WHAT TO PRODUCE:
Reproduce the whole listing exactly, omitting any picture it holds.

DATA EXTRACTS:

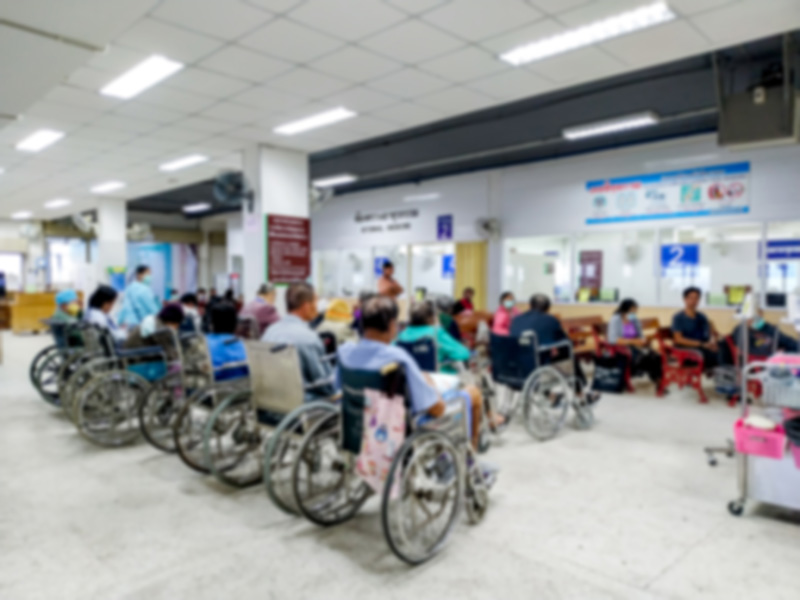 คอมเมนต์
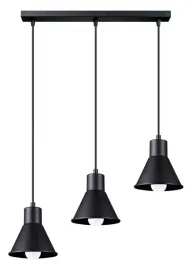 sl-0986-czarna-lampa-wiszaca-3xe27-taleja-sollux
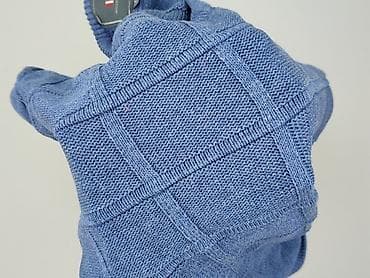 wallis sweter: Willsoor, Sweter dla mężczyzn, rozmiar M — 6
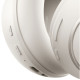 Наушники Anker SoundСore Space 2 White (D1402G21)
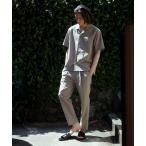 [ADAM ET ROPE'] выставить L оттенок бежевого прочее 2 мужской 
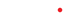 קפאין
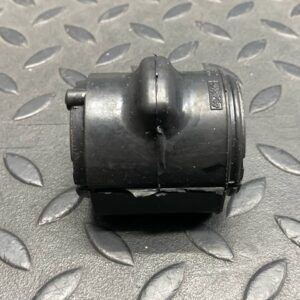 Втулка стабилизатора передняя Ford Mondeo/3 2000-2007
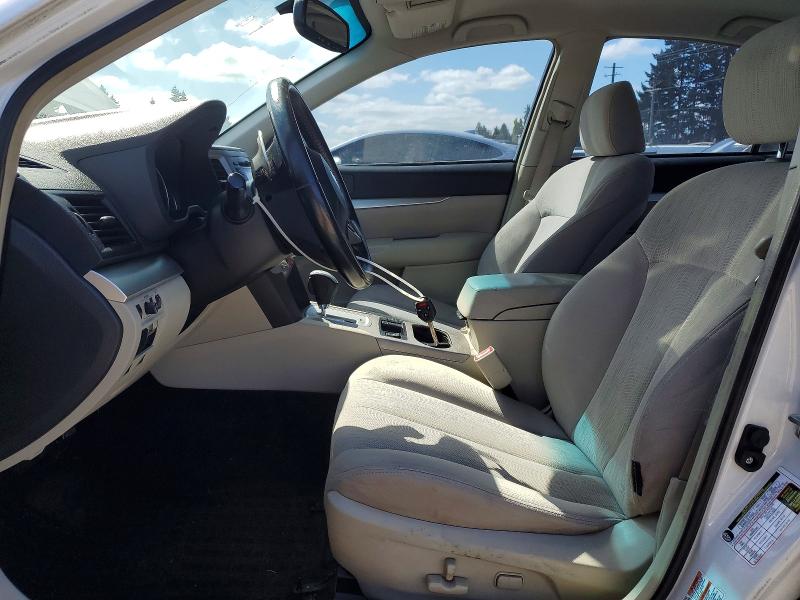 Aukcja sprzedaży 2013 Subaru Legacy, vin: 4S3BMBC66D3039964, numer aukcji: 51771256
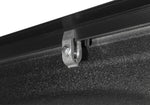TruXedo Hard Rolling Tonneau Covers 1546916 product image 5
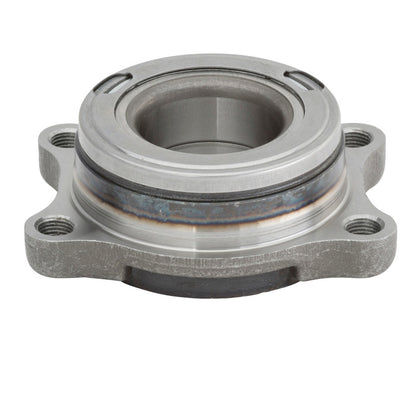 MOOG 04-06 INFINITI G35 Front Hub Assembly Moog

RESULT OF THIS EXERCISE:
 คอมเมนต์
 sl-0986-czarna-lampa-wiszaca-3xe27-taleja-sollux
 wallis sweter: Willsoor, Sweter dla mężczyzn, rozmiar M — 6
 Наушники Anker SoundСore Space 2 White (D1402G21)
 [ADAM ET ROPE'] выставить L оттенок бежевого прочее 2 мужской 
 קפאין
 Втулка стабилизатора передняя Ford Mondeo/3 2000-2007
 Aukcja sprzedaży 2013 Subaru Legacy, vin: 4S3BMBC66D3039964, numer aukcji: 51771256
TruXedo Hard Rolling Tonneau Covers 1546916 product image 5
 MOOG 04-06 INFINITI G35 Front Hub Assembly Moog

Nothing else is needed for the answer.